As the Yankees took batting practice before Game 2 Sunday afternoon, Jeter was undergoing more tests to determine the full extent of the injury. The team announced that an MRI exam and CT scan conducted Sunday confirmed the fracture; Jeter is wearing a splint and is on crutches. He was not at Yankee Stadium for Game 2 and will not be able to travel with the team to Detroit for Game 3. Recovery is expected to take three months.

After the Tigers’ go-ahead run crossed the plate in the 12th inning of Game 1, Jeter fielded a sharp grounder off the bat of Jhonny Peralta, falling awkwardly to the ground and grimacing in pain.

“He wasn’t moving. He wasn’t getting up,” said Yankees first baseman Mark Teixeira. “So you knew something was wrong.”

When Jeter was finally helped to his feet, he was unable to put any pressure on the ankle. He had to be helped off the field by Yankees Manager Joe Girardi and team trainer Steve Donahue. “He’s as tough as they come,” said General Manager Brian Cashman. “So when you see that, you know it’s serious.”

The Yankees shuffled their lineup heading into Game 2. Jayson Nix replaced Jeter at shortstop and batted eighth. Girardi opted to lead off with Ichiro Suzuki, hitting Robinson Cano second and sliding Raul Ibanez into the clean-up spot.

“We have to find a way,” Girardi said.

Jeter finished the postseason 9 for 27 with two RBI and 10 strikeouts.

Tigers notes: Despite winning the series opener, Leyland had some lineup shuffling of his own to contend with Sunday. Entering Game 2, Detroit reliever Jose Valverde was responsible for the last seven runs given up by the Tigers, including four in the ninth inning Saturday that forced extra innings.
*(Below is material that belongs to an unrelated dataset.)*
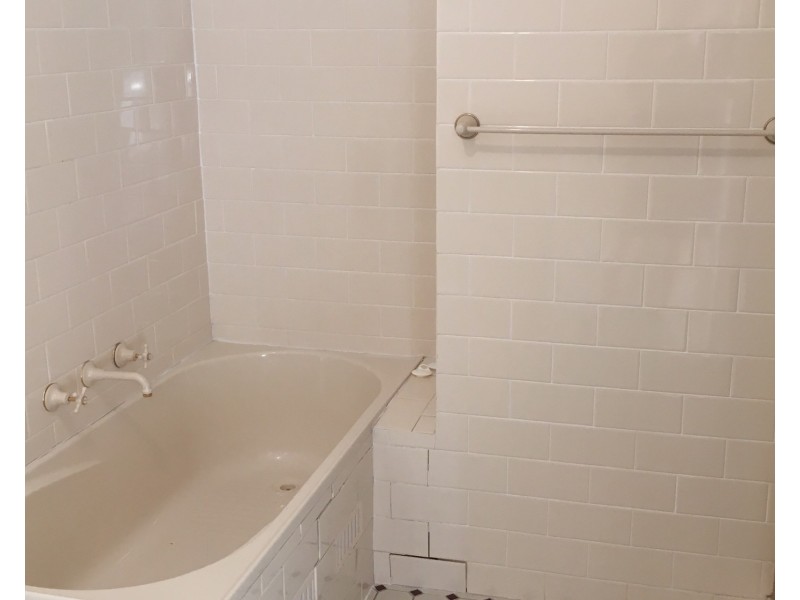 1 Hambro Avenue, Glenwood NSW 2768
Leyland said Valverde would not be called on to close Game 2 but the veteran manager wasn’t ready to strip the three-time all-star of his closing duties.

“I guess that sounds like I’m mud wrestling, but I am really not,” Leyland said. “I still consider him the closer, but he will not close the game.”
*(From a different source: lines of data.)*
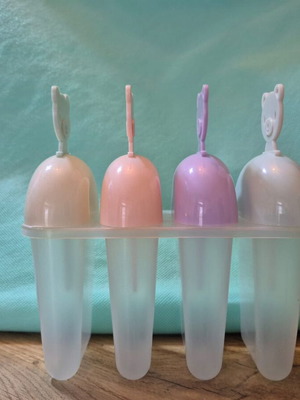 Granita molds 4 positions like new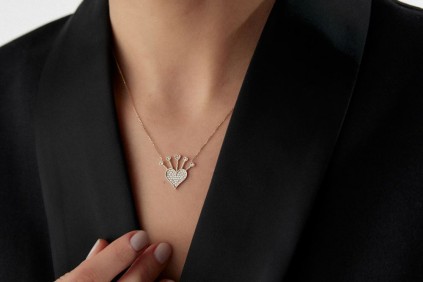 Kalpli Taşlı Kolye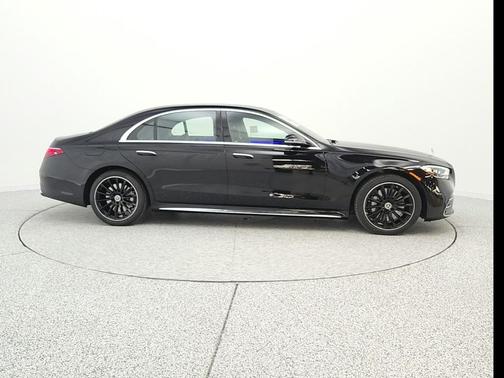 Obsidian Black Metallic 2026 Mercedes-Benz S-Class S 580 4MATIC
Leyland chose his words carefully. While he said coaches will work on Valverde’s mechanics, confidence also appears to be a concern.
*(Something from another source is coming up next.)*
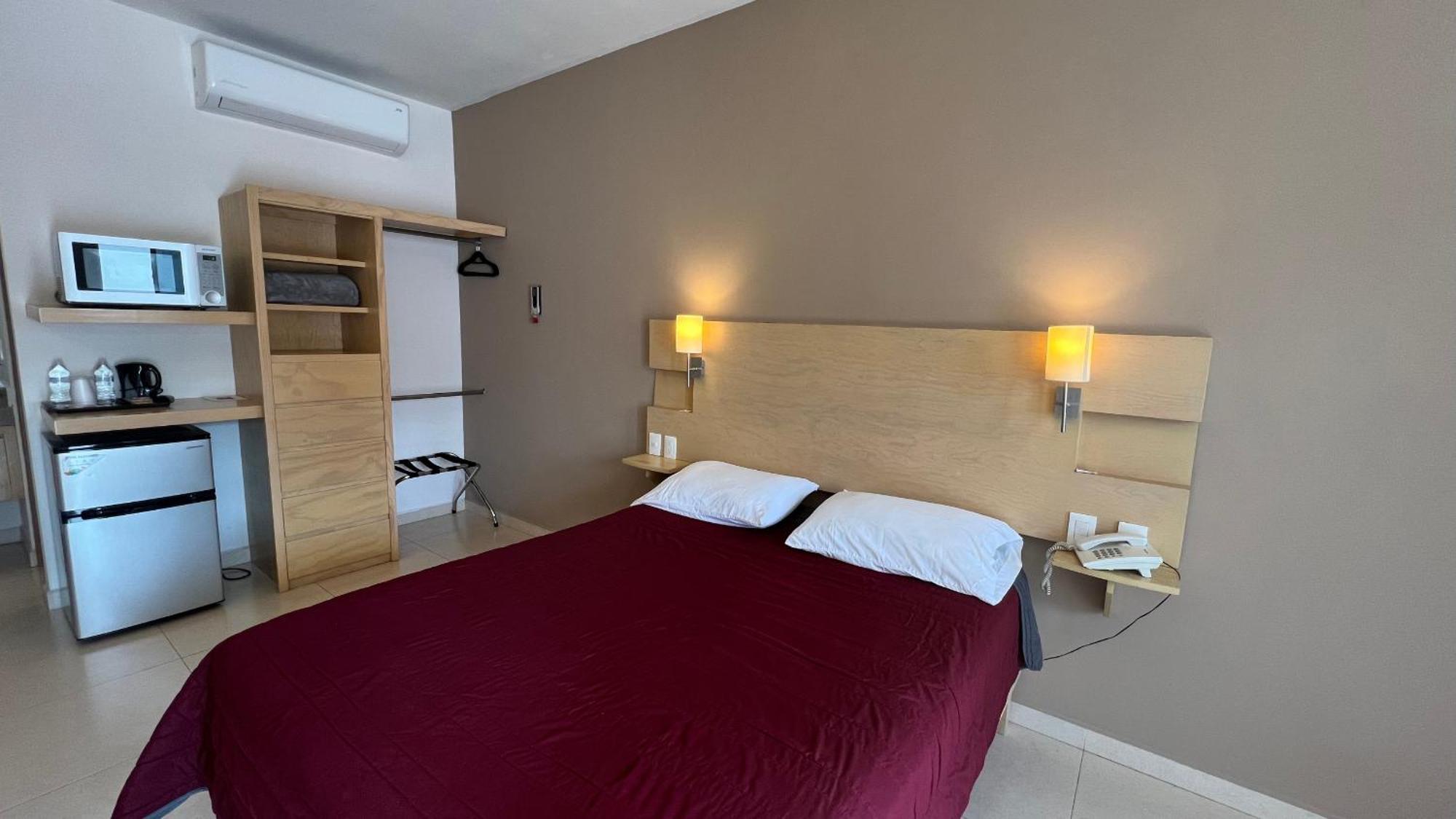 Nova Hotel Кадерейта-Хименес Экстерьер фото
Leyland wasn’t sure when Valverde might close again, but for the time being, the Detroit manager will turn to a committee that includes right-handers Joaquin Benoit and Octavio Dotel, and left-hander Phil Coke.

Valverde had 35 saves this season. After successfully closing Game 1 of the American League Division Series against Oakland, he blew the save in Game 3, allowing three runs in two-thirds of an inning and taking the loss.

“You can’t pitch with 10 pitchers in the postseason,” Leyland said. “So Jose Valverde will be a very important part of this postseason. If he’s not, it’s going to be tougher for us, obviously.”